The Metabolist

Jun 24, 2006 08:53



Friday, for me, was a day of blockbuster avant-architecture shows. The V&A's Modernism show and the Barbican's Future City show bounced off each other rather well. Both were concerned with a weird fusion of mechanistic-behavioristic science (the V&A show revealed a worrying worship of Henry Ford running through Modernism) and cranky utopian spirituality. Alongside standardization and Taylorism came freaky manifestos about how boiler suits would make every human being a work of art, or how modern civilization was all about doing naked socialist-fascist callisthenics with your comrades.

Despite its 1939 cut-off point, the V&A show petered out with an interesting section on the quirky, diversifying regional flavours of late Modernism -- Czech fabrics, Scandinavian furniture, and Brazilian architecture setting the scene for the eccentricites of Post-Modernism. And -- whoosh! -- the Barbican show picked up where Modernism left off, flipping Mies' "Less is more" motto into Venturi's riposte: "Less is a bore!"

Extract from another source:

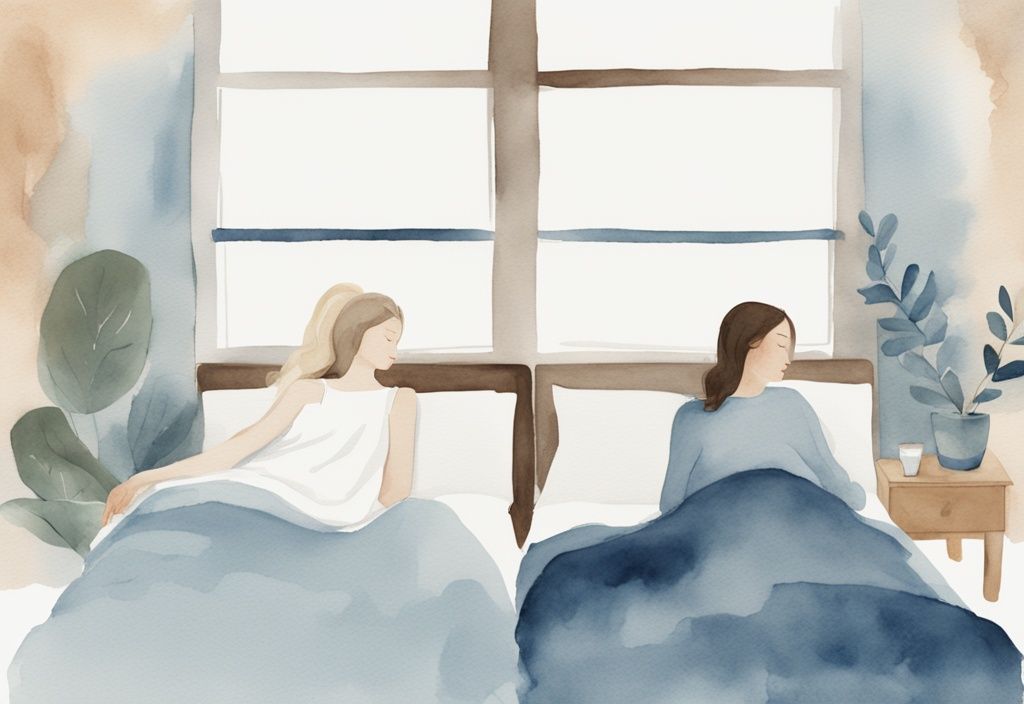 Minimalistische Aquarellillustration von zwei Frauen, die nebeneinander in einem gemütlichen Schlafzimmer schlafen, in blauen Farbtönen gehalten, vermittelt Ruhe und Gemeinschaft.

In many ways Future City recapped the themes seen in the Mori Museum's Archilab show last year. But it was well laid-out, and illuminated corners of avant-archictecture I didn't know about.

Like, for instance? Well, like the Metabolists. From the blurb:

"Japan hosted the world design conference in 1960 and here Noboru Kawazue launched the avant-garde Metabolism Group... The group published "Metabolism", a booklet that connected the Metabolism of living creatures with that of architecture and the city. They saw the metropolis as being in a constantly changing state of dynamic equilibrium, in the same way as a living organism. Their main objective was to create structures that could expand infinitely. They achieved this by designing megastructures that had capsules as minimum dwelling units. Part of the zeitgeist that included Vona Friedman's Spatial Cities (1958-60) and Archigram's Plug-In City (1963-66), the Metabolists frequently proposed visionary schemes for floating or aerial metropolises. Kenzo Tange's plan for Tokyo (1960), which proposed a vast extension of the city out into the centre of Tokyo Bay, was an inspiration to his younger colleagues Arata Isozaki and Kisho Kurokawa and is regarded as having sparked the Metabolist movement. The achievements of the Metabolists laid the foundation for much subsequent urban development, and the breadth of their importance is being recognised again today."

I also liked Metabolist Kiyonori Kikutake's idea that "a Japanese room was determined by information, whereas a Western room relied on objects". My new apartment in Neukolln is going to be very "Japanese" in that sense: a corridor and two rooms stuffed to the gullet with information.